A peer-reviewed study in Nature just dropped a bombshell: X's algorithmic "For You" feed may be systematically shifting users' political views toward conservatism. And the effects appear to persist even after users stop using the algorithmic feed.
Researchers from Bocconi University and the Paris School of Economics ran a field experiment with nearly 5,000 active X users. They randomly assigned participants to either the algorithmic feed or the chronological "Following" feed for seven weeks, monitoring their content consumption and political attitudes through surveys and browser data.
The results were stark. Users on the algorithmic feed engaged more with the platform—no surprise there, algorithms are designed for engagement—but they also adopted more conservative policy priorities and were more likely to follow conservative activist accounts. The algorithm "showed more conservative and activist posts while demoting traditional news outlets."
Here's what makes this particularly concerning: the effects didn't disappear when users switched back to the chronological feed. That suggests the algorithm isn't just showing people different content—it's actually changing how they think about politics.

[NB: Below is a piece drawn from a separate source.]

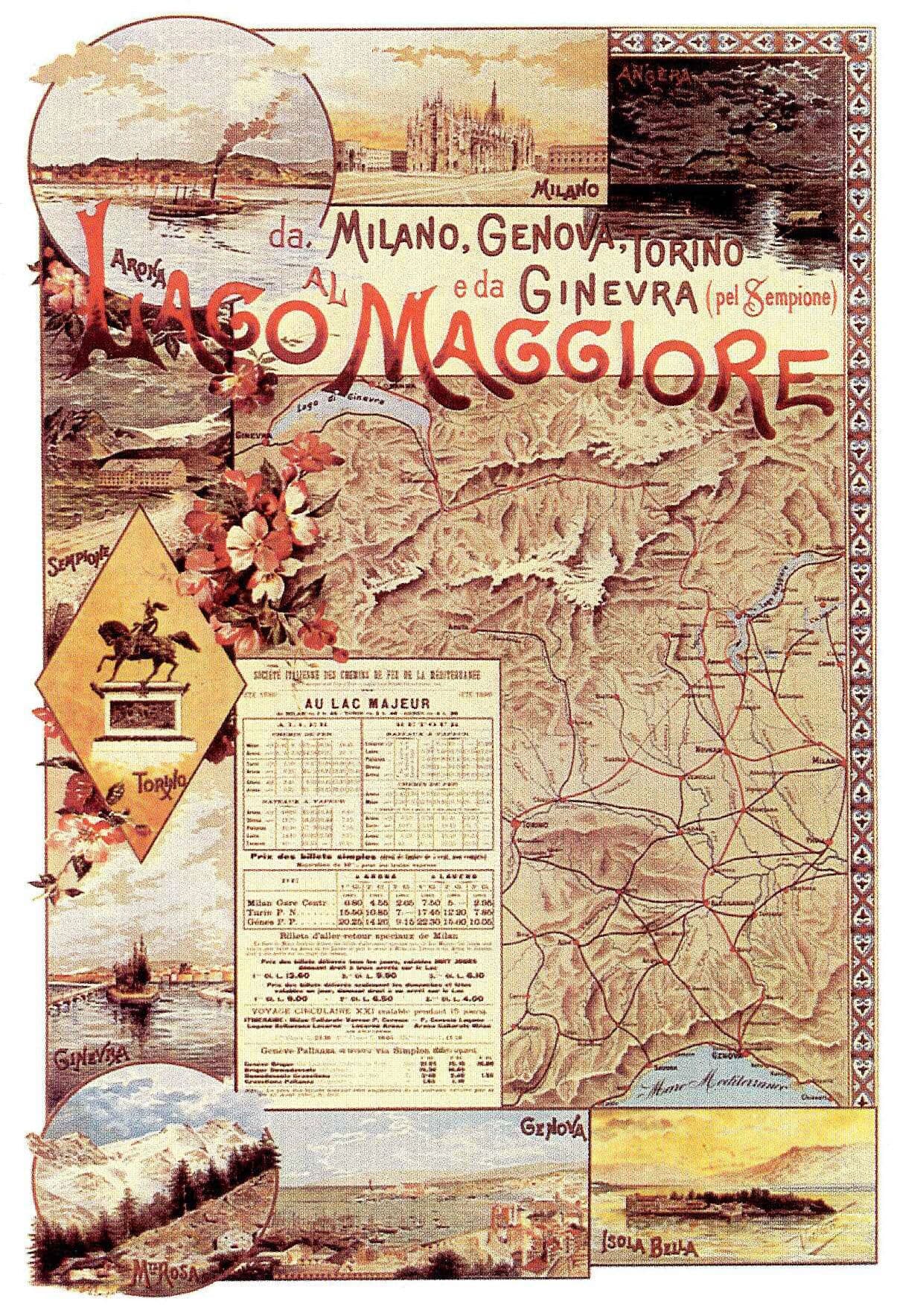 Italian railway poster, about 1900: a relief map of northern Italy with the lakes and rail lines, framed by views of Milan and Genoa.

Now, is this intentional? That's the $44 billion question. Did Elon Musk deliberately tune the algorithm to push users right? Or is this an emergent property of optimizing for engagement, where outrage-driven conservative content happens to perform well? The study doesn't answer that. It just documents the effect.
What we do know is that algorithmic feeds aren't neutral. They shape what we see, which shapes what we think. When a platform with hundreds of millions of users has an algorithm that systematically shifts political attitudes, that's not a bug. It's a feature. The question is whose feature it is.